Kainos

DVSA Discovery phase for Drivers & Riders

 

DVSA was looking to digitise their paper-based processes to assist with all drivers and motorbike riders services from getting a driving license to becoming an examiner. Kainos’s team was invited for a nine-week Discovery period to provide recommendations following a user-centred service design approach.

 
Draft Drivers & Riders Project Plan.png

Understand.

I was responsible for User Research and worked in collaboration with an Agile team of 12, Ux Designer, Data and Business Analysts. Following a Contextual Design process, I drafted the project plan for user research. I then conducted a contextual inquiry with drivers, riders, their instructors and examiners alike, looking to understand the problem space.

I worked in close collaboration with the UX Designer and Principal; together, we mapped the journeys our users went through in blueprint maps, illustrating pain points and solutions coming from their experience. We then shaped the user profiles with quotes.
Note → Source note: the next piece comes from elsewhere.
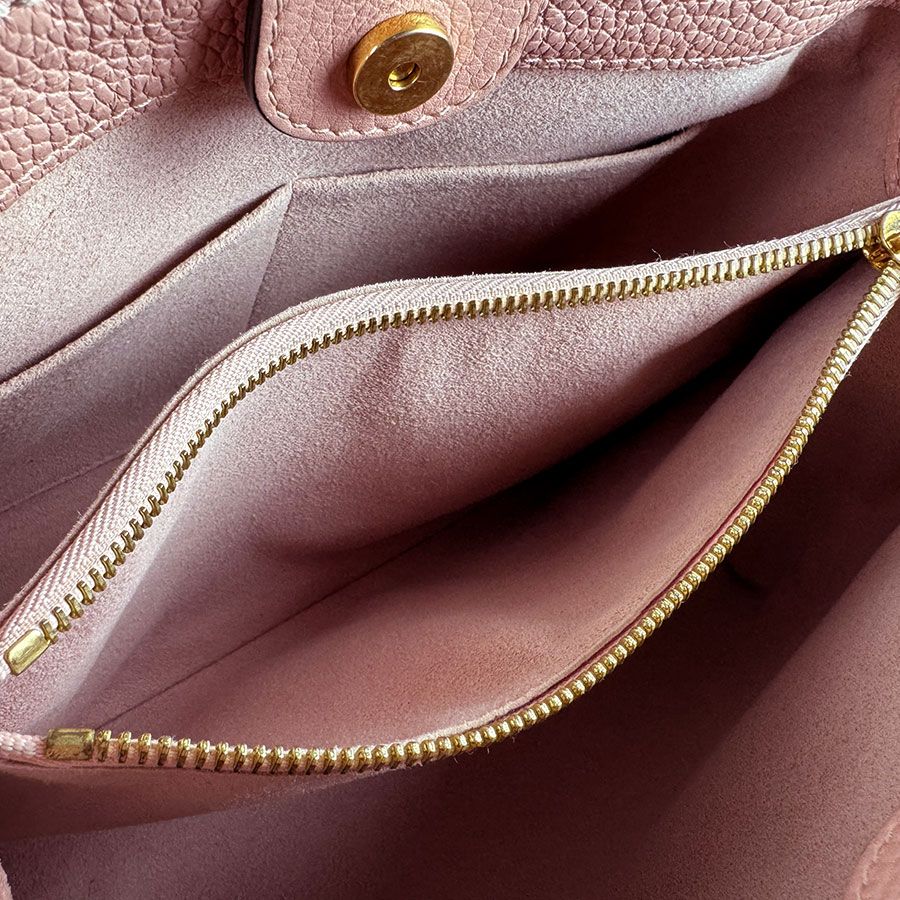 Louis Vuitton Shoulder Bag — view 5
Like this, we surfaced these user journeys as they were, back to our stakeholders consolidating gathered data coming across the team aligned with a set of themes. This process helped us to understand the underlying problem and collaboratively seek a solution, tracing it back to its route.

 
Personas created after contextual enquiry.png

Create.

To tackle a vicious circle of paperwork, scanning and printing Kainos team re-designed a concept based o user journeys ‘to be’. I tested the prototyped ideas for ease of use, error prevention, safety and distraction in the car space. The digitised Examiner’s driving licence form was evaluated in six Test Centres, following a Cognitive Walkthrough of preset tasks to see if these reflect how people process tasks and anticipate these. The user feedback provided us with valuable insight into the intricacies and legal issues of the matter.

“It would be ideal to have up to 2 weeks (waiting time) or be informed of the existing time scales” -Motorcycle Instructor

“Most ADIs’ correspondence is done by post. ADIs talk about the lack of online forms, inconsistency of file formats (when available online) and difficulty reaching DVSA for face to face help when needed. 

The process of becoming an ADI is “more convoluted if done on paper. There is no VAT receipt even though we are VAT registered.” - Approved Driving Instructor (ADI)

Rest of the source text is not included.